━━━━━ DATA EXTRACT
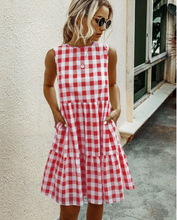Load image into Gallery viewer, Summer sleeveless plaid casual loose pocket pullover dress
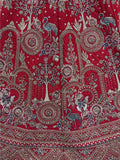 Royal Red Thread Embroidered Silk Bridal Lehenga Choli With Double Dupatta
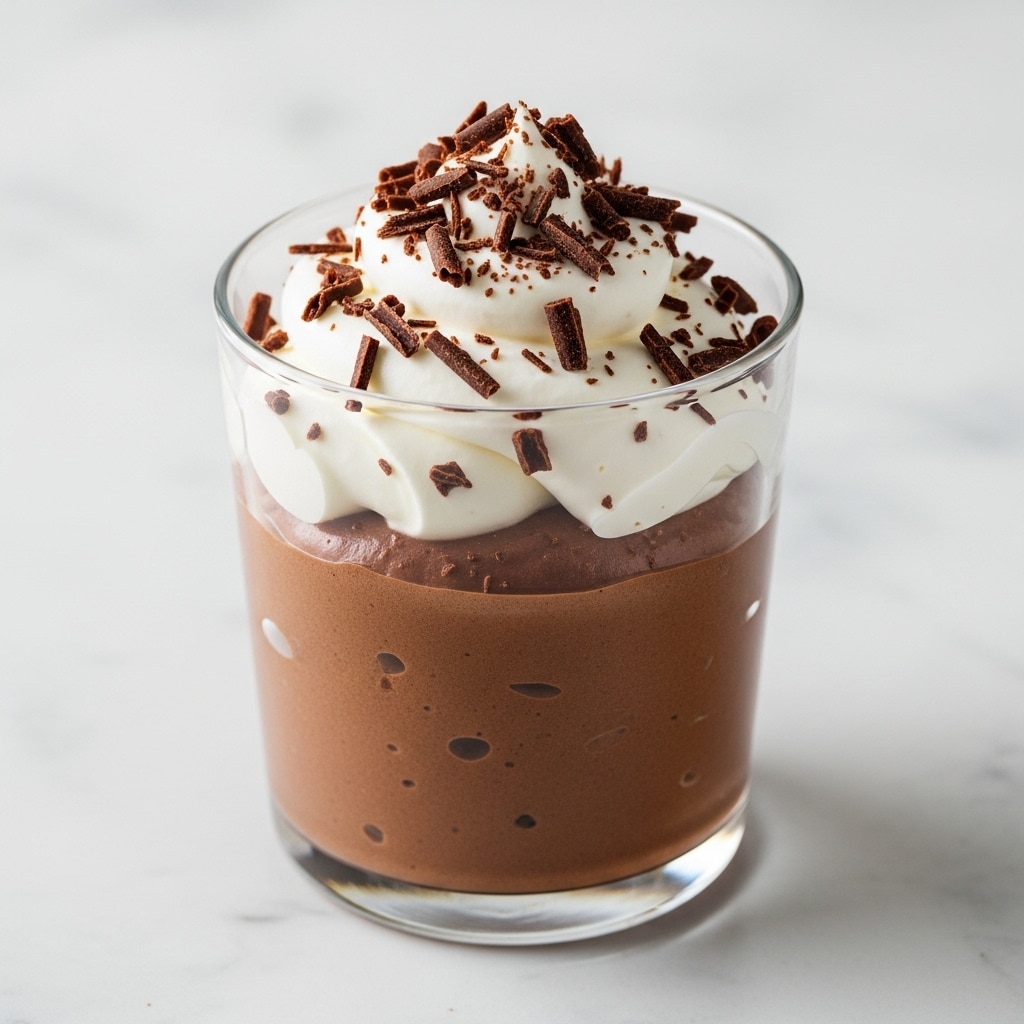 The image shows a single clear glass filled with rich, smooth dark brown chocolate mousse as the base layer. On top is a thick, fluffy white layer of whipped cream that looks soft and airy. The whipped cream is sprinkled generously with thin, dark brown chocolate shavings that add texture and contrast to the smooth cream. The glass is set on a white marbled texture surface. The photo taken with an iphone --ar 4:5 --v 7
━━━━━━━━━━
WHAT THE EXERCISE ASKS
Print only the lines running from the one containing "Royal Red Thread" to the end of the data above, exactly; include no pictures.

RESULT BELOW
 Royal Red Thread Embroidered Silk Bridal Lehenga Choli With Double Dupatta
 The image shows a single clear glass filled with rich, smooth dark brown chocolate mousse as the base layer. On top is a thick, fluffy white layer of whipped cream that looks soft and airy. The whipped cream is sprinkled generously with thin, dark brown chocolate shavings that add texture and contrast to the smooth cream. The glass is set on a white marbled texture surface. The photo taken with an iphone --ar 4:5 --v 7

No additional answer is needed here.